The script is pretty simple and can be seen here. It's dependencies have been kept light, needing only requests outside of the packages commonly available on a system with certbot installed.

When certbot triggers the hook, it exports a couple of environment variables

RENEWED_LINEAGE: provides paths to the certs on disk (we don't care about these in this case)
RENEWED_DOMAINS: A space seperated list of domains that were (successfully) renewed

The script simply takes RENEWED_DOMAINS and builds some Line Protocol to indicate what's been renewed, and when

certbot_renewal,domain=all,host=optimus renewed_count=2 1656169934438253518
certbot_renewal,domain=foo.example.com,host=optimus renewed_count=1 1656169934438253518
certbot_renewal,domain=bar.example.xyz,host=optimus renewed_count=1 1656169934438253518

certbot doesn't provide the hook with information about any certificate where renewal failed, but that's not actually an issue. Because we want to catch failure cases where certbot doesn't even fire (perhaps because crond was stopped) we only really want successful renewals as an input signal.

Installing (direct to OS)

If you've got certbot installed directly on the system (as most do), then installation is simple

cd /etc/letsencrypt/renewal-hooks/deploy/
wget https://github.com/bentasker/telegraf-plugins/raw/master/scripts/certbot_renewal_report/certbot_renewal_report.py
chmod +x certbot_renewal_report.py

Installing (docker)

If you run certbot within a docker container (I do this on a handful of systems) you'll need to put the script somewhere so that it's exported into the path /etc/letsencrypt/renewal-hooks/deploy within the container.

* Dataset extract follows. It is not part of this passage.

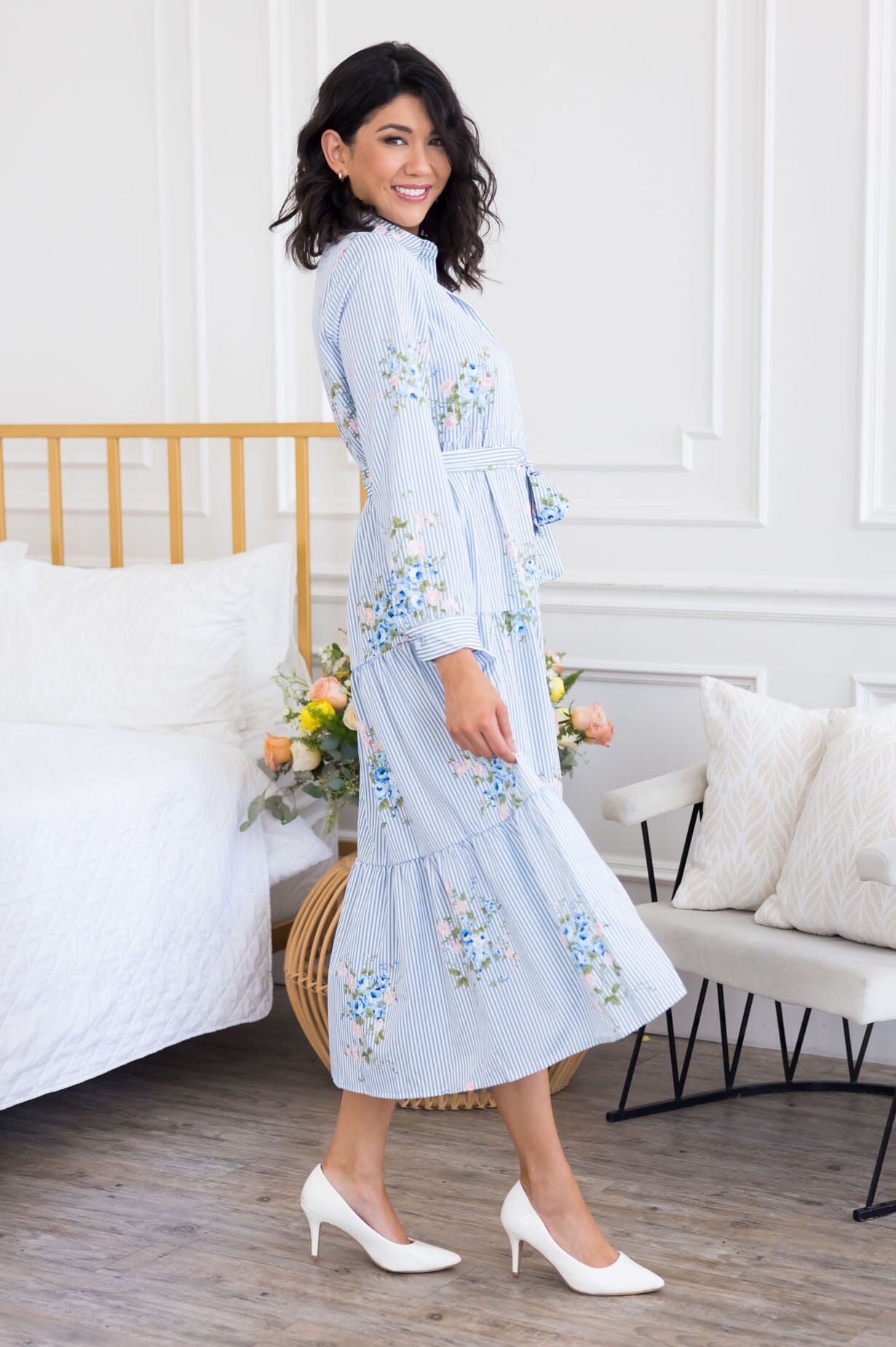 The Louise Modest Dresses vendor-unknown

For example, my invocation was originally

docker run -it --rm --name certbot \
            -v "/home/dockerfiles/letsencrypt:/etc/letsencrypt" \
            -v "/home/dockerfiles/docroots/letsencrypt:/var/lib/letsencrypt" \
            certbot/certbot -d "$domain" --rsa-key-size 4096 -n --agree-tos --email mymail@example.invalid --webroot -w /var/lib/letsencrypt certonly

So I put a copy of the script into /home/dockerfiles/letsencrypt/renewal-hooks/deploy and made sure it was executable.

Configuring

The easiest way to configure the script is to edit the variables at the top

# Measurement name to use in InfluxDB
measurement = os.getenv("MEASUREMENT", "certbot_renewal")

# System hostname
host = os.getenv("HOSTNAME", os.uname()[1])

# URL to InfluxDB
influx_url = os.getenv("INFLUXDB_URL", "http://127.0.0.1:8086")

# Token, empty or username:password
influx_token = os.getenv("INFLUXDB_TOKEN", "")

# Major version of InfluxDB in use
influx_ver = os.getenv("INFLUXDB_USER", "2") # or 1 for 1.x

# Database/bucket name
influx_bucket = os.getenv("INFLUXDB_BUCKET", "telegraf")

Whilst the script supports pulling the configuration from the environment, I've had mixed success when setting config that way (I haven't dug in yet, but it probably relates to the version of certbot in use).

The next time that certbot renews a certificate it'll push metrics to the InfluxDB instance at INFLUXDB_URL.

It's outside the scope of this documentation, but if you're running telegraf on the system, you could instead point INFLUXDB_URL to telegraf's InfluxDB Listener plugin so that the stats can be buffered and included in larger batches (or even dual-written onto multiple destinations).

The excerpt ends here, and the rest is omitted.